1) George W should have cancelled whatever he was doing when it became certain Katrina was going to make landfall. (He was on holiday or something)
2) He personally should have declared a state of emergency the very minute that he heard the levees had been breached. It was an absolute no-brainer that full scale military command and control was going to be required, requiring emergency laws.
3) Since several states were struck, it was absolute nonsense to involve state governments in any way whatsoever.
Contrast what happened in the aftermath of Tracey. Australia's top military commander was given carte blanche on Christmas Day, holiday of holidays. Communications and electricity being out, he had to make blind guesses as to the state of Darwin. Buses to evacuate the tens of thousands out were sent in from thousands of kilometers away. Proportionally to Aus population at the time, this was quite equivalent. The city was evacuated within a week.
All this argument over Bush going to war over Iraq, yet, I believe this is Bush's real shame.
2 comments:
You can't avoid (3) without tearing up the Constitution and jumping up and down on the pieces.
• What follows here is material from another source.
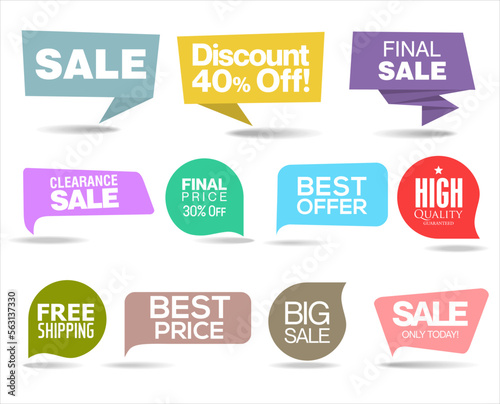 Collection of Modern colorful New note label mark tag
The United States still operates on a Federal system, to a much greater extent than Australia, and the states concerned in particular have a long tradition of telling the Federal government to bugger off and leave them alone, to the extent of being reduced to rubble over it. Normally this decentralisation of power is a good thing: in this particular case it was a bad thing. But a counterfactual that says 'don't inolve the states' is as silly as a counterfactual that says 'send in the cloned super-soldier penguins to rescue survivors'.
Do you remember our Katrina, in January 1998? It was a Category 4 cyclone that sat in the Coral Sea looming for a while and then left. I remember the city was more nervous than usual because it was just a week or two after we had been comprehensively inundated by a mere tropical depression. The scary number from this current Katrina to me was the 7 metre storm surge- the storm surge maps for Townsville only show a 4 metre storm surge, and they have a large enough fraction of the city coloured blue... 7 metres is well over the rooftop of my old place and Lexifab's old place in South Townsville. I wonder if there is any prehistoric evidence for storm surges of such a magnitude in North Queensland, and an indication of how common they are?